Authored by EIG’s August Benzow and Kenan Fikri, the research shows that national-level growth and recovery alone are not enough to lift the country’s most vulnerable communities out of poverty. Even when a neighborhood does climb out of poverty, it is often surrounded by neighborhoods going in the other direction. The research also finds a widening income gap between high- and low-poverty neighborhoods, and that poor Americans have become more concentrated in poorer neighborhoods over time.

“Poor places perpetuate poverty, and the entrenchment of poor places we document over the past several decades holds the entire economy back. Put simply, the country cannot reach its full potential if large shares of its citizens cannot reach theirs,” said EIG Research Director Kenan Fikri. “This research challenges us all to use the current moment as a reset. Today, it is exceptionally rare for a once-poor neighborhood to ever turn around. What tools do we need to make it commonplace?”

“The Persistence Of Neighborhood Poverty” paper contains profiles of New York City, Memphis, Los Angeles, Winston-Salem, Indianapolis, and Houston to explore some of the unique challenges faced by different types of cities. 

This research serves as an important reminder as policymakers prepare to rebuild from the current economic crisis: Without a different approach to economic growth and recovery, we will continue to see a proliferation of new high-poverty places. 

Key findings from the reports include:

  • Neighborhood poverty is “sticky;” it is far easier for neighborhoods to fall into and remain in poverty than to climb out of it. 
  • Two-thirds of metropolitan neighborhoods with a high poverty rate (30 percent or higher) in 1980 were still high-poverty in 2018, making them persistently poor. 
  • From 1980 to 2018, nearly 4,300 neighborhoods, home to 16 million Americans, crossed the high-poverty threshold and the total population residing in high-poverty neighborhoods doubled, rising from 12 million to 24 million Americans.
  • In spite of decades of national growth and a record period of economic expansion after the Great Recession, nearly half of America’s 100 largest cities did not have a single census tract improve from “high poverty” to “low poverty” since 1980. 
  • Only 14 percent of neighborhoods with a poverty rate of 30 percent or higher in 1980 had a poverty rate below 20 percent in 2018.
  • New York City alone accounts for 22 percent of all turnaround neighborhoods nationwide.
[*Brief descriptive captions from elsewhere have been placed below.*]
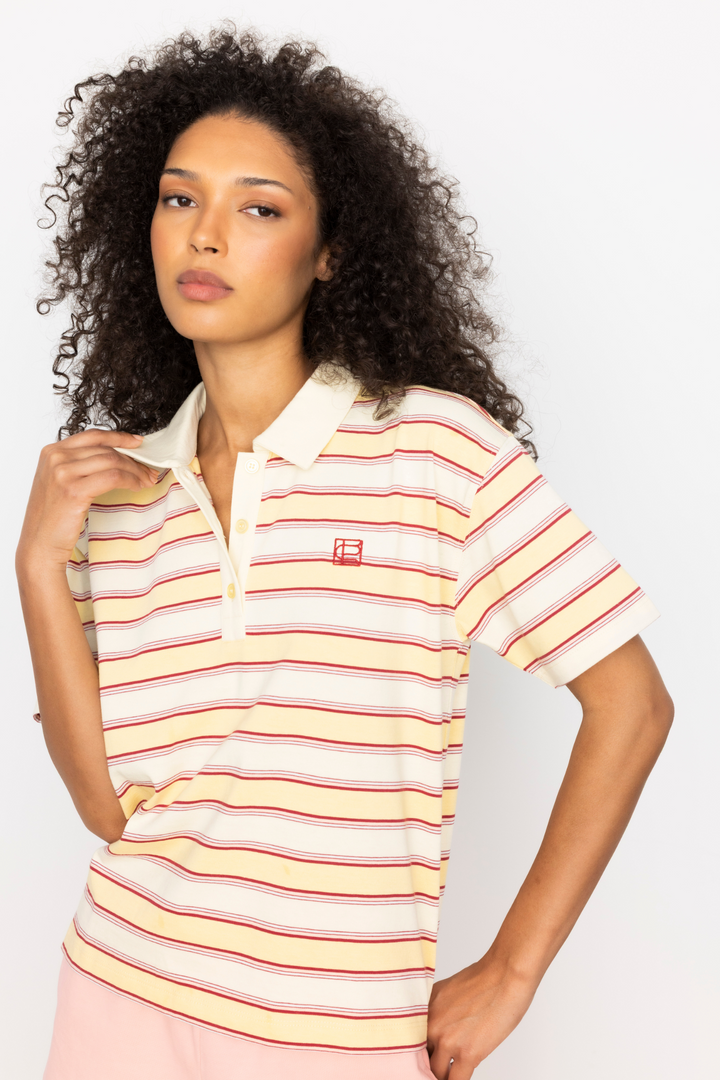 Evelyn Polo Tee - Sunny Stripe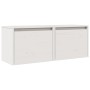 Armarios de pared 2 uds madera maciza pino blanco 45x30x35 cm en Estanterías | Comprar online en Foru.es
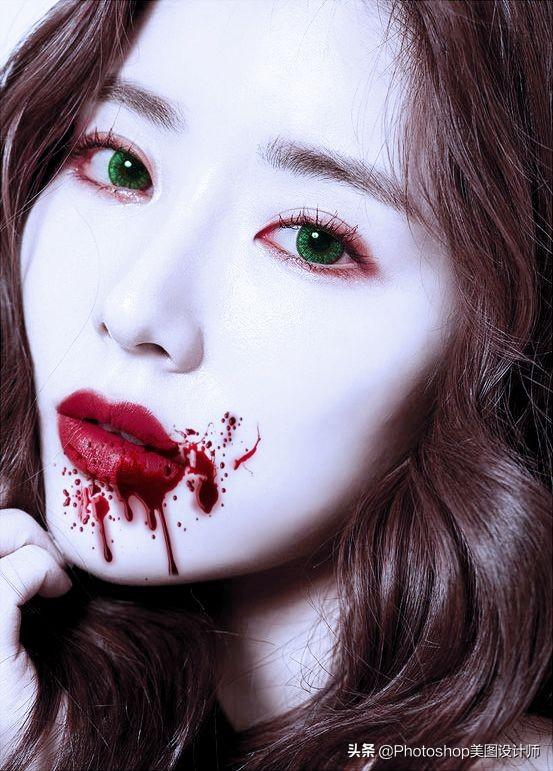 万圣节高级妆容教程，PS万圣节妆容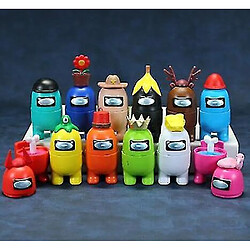 Universal 12pcs Among Us Action Figures Toys Brinquedos Figurals Desktop Dolls Set(Coloré) 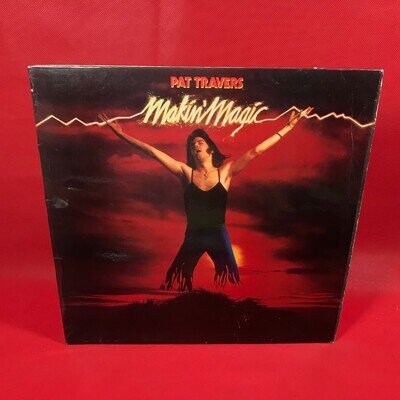 PAT TRAVERS Makin' Magic 1977 UK vinyl LP + INNER Rock 'N' Roll Susie Stevie
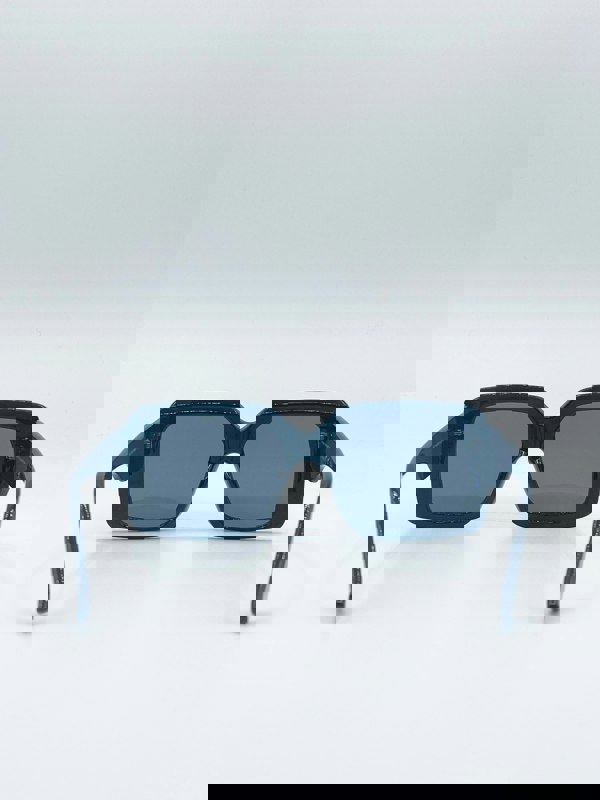 SVNX Oversized Plastic Frame Square Sunglasses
These neighborhoods attract a lot of attention, but they are ultimately—and unfortunately—outliers.
  • Poor Americans have become relatively more concentrated in poorer neighborhoods in recent decades. In 1980 more of the nation’s poor lived in a neighborhood with a poverty rate below 10 percent than in a high-poverty neighborhood, the inverse of what we find today.
  • Meanwhile, real median household income for the average high-poverty neighborhood declined over the last two decades after growing robustly in the 1980s and the 1990s.
  • The income gap between high-poverty neighborhoods and those with a low poverty rate (below 20 percent) increased by more than one-quarter from 1980 to 2018.
  • While the proportion of Black Americans living in high-poverty areas has declined, Black Americans still make up half of the population in the average persistent poverty tract, the share of Hispanic Americans living in poverty has surged over the last few decades, and someone who is Black and poor is three times as likely to live in a high-poverty neighborhood as someone who is white and poor.

About the Economic Innovation Group (EIG)
The Economic Innovation Group (EIG) is an ideas laboratory and advocacy organization whose mission is to advance solutions that empower entrepreneurs and investors to forge a more dynamic American economy. Headquartered in Washington, D.C. and led by an experienced, bipartisan team, EIG convenes leading experts from the public and private sectors, develops original policy research, and works to advance creative legislative proposals that will bring new jobs, investment, and economic growth to communities across the nation.  For more information, visit eig.org.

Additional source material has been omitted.